Determine the best parameters \(\alpha, \beta_k, \lambda_k\).

Parameters:

  • y (ndarray) – Function values corresponding to x.

  • x (ndarray) – Independent variable values

  • initial_guess (ndarray | None) – An initial guess for determining the parameters of the ODE (if you don’t know what this is about, don’t bother). The array is 1D and has n_exp + 1 entries. If None, use numpy.ones(n_exp + 1).

Return type:

Fit result.

Theory#

\(y(t)\) is the general solution of the ordinary differential equation (ODE)

\[\sum_{j=0}^p a_j \frac{d^j y}{dt^j} = \alpha\]

if

\[\sum_{j=0}^p a_j \lambda_i^j = 0 \quad\forall i\in \{1,\ldots, p\}.\]

In other words: The \(\lambda_i\) are the roots of the polynomial \(p(z) = \sum_{j=0}^p a_j z^j\).

For numerical calculations, \(y(t)\) is approximated by a Legendre series,

\[y(x)\approx \sum_{k=0}^m\hat{y}_k P_k(x).\]

Since this is a polynomial, any derivative is again a polynomial and can thus be written as sum of Legendre polynomials,

\[\frac{d^j y(x)}{dx^j} \approx \sum_{k=0}^m (D^j\hat{y})_k P_k(x),\]

where \(D\) is the Legendre differentiation matrix.

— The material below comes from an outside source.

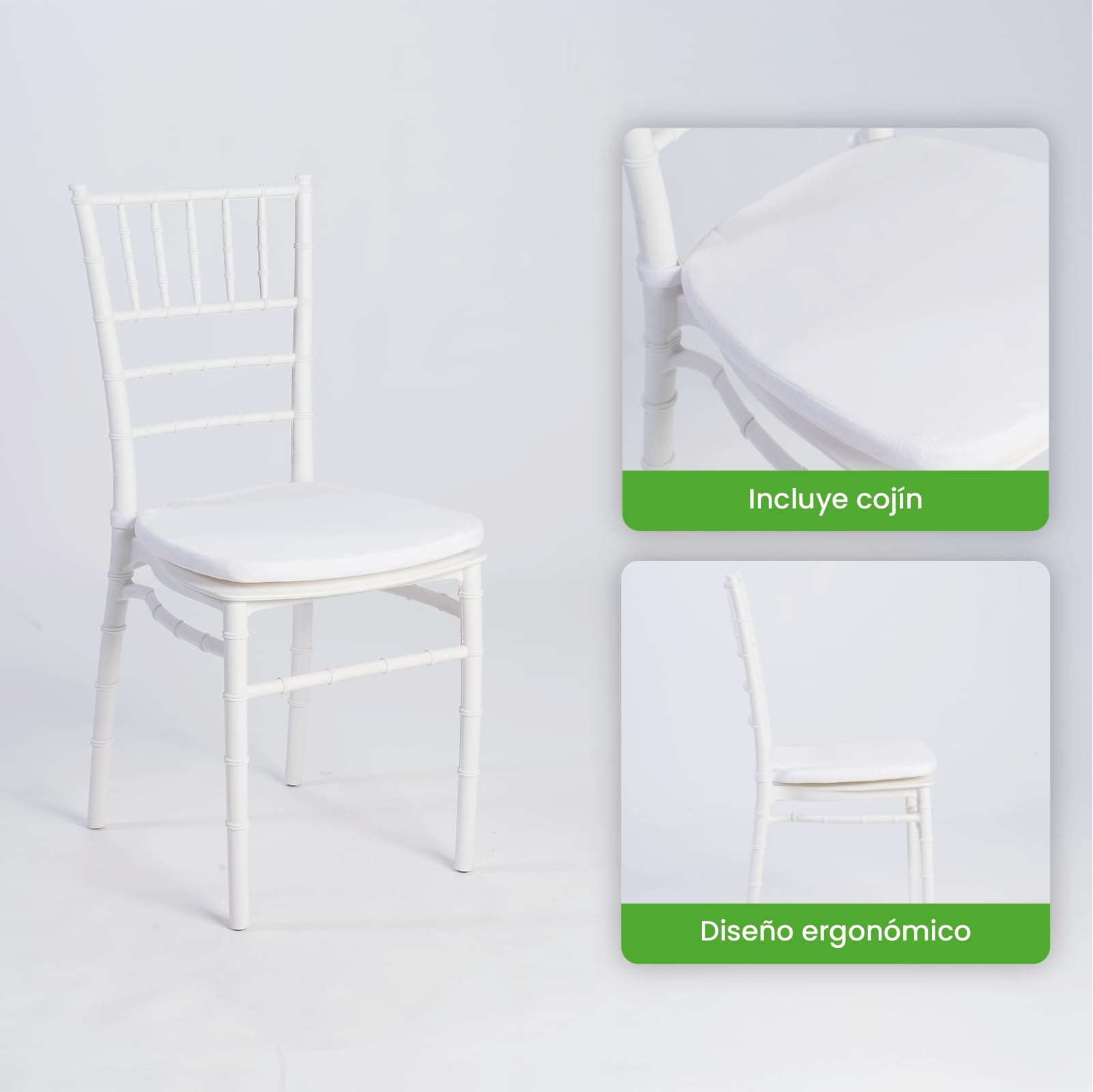 Pack de 4 Sillas Elegantes Modelo Tiffany/Chiavari Blancas ECO24 Bodas, Eventos Especiales y Decoración de Interiores-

For the purpose of solving the ODE, let \(\alpha = 1\) (i. e. divide the whole ODE by \(alpha\)). Its approximated version is then

\[\sum_{j=0}^p a_j D^j \hat{y} = e_1\]

with \(e_1 = (1, 0, \ldots, 0)\) being the first canonical unit vector.

\(y(x)\) is supposed to be the best approximation of the original data \(z\), meaning that

\[x - y \perp \mathbb{P}_m.\]

From that follows

\[ \begin{align}\begin{aligned}\int_{-1}^1 (z-y)P_l(x)\, dx = 0 \quad \Rightarrow\\\int_{-1}^1 zP_l(x)\,dx = \sum_{k = 0}^m\hat{y}_k \int_{-1}^1 P_k(t) P_l(x)\, dx = \frac{2\hat{y}_l}{2l+1}.\end{aligned}\end{align} \]

This leads to

\[\hat{y}_l = (l+\frac{1}{2})\int_{-1}^1 z P_l(x)\, dx \approx (l + \frac{1}{2})\sum_{i=1}^n w_i z_i P(x_i)\]

where \(w_i\) are weights for numerical integration.

In order to determine the model parameters, first determine the first \(p\) Legendre coefficients \(\hat{y}_k\). Then, for some set of parameters \(a_j\), determine the rest of the Legendre coefficient by solving the ODE (which is a linear system of equations in Legendre space) and compare to the original data \(z\). Do least squares fitting of \(a_j\) in that manner. This yields some optimal \(a_j\) values. From that, it is straight-forward to determine the exponential factors \(\lambda_i\) by finding the roots of the polynomial.

A linear least squares fit can then be used to determine the remaining parameters \(\alpha\) and \(\beta_i\).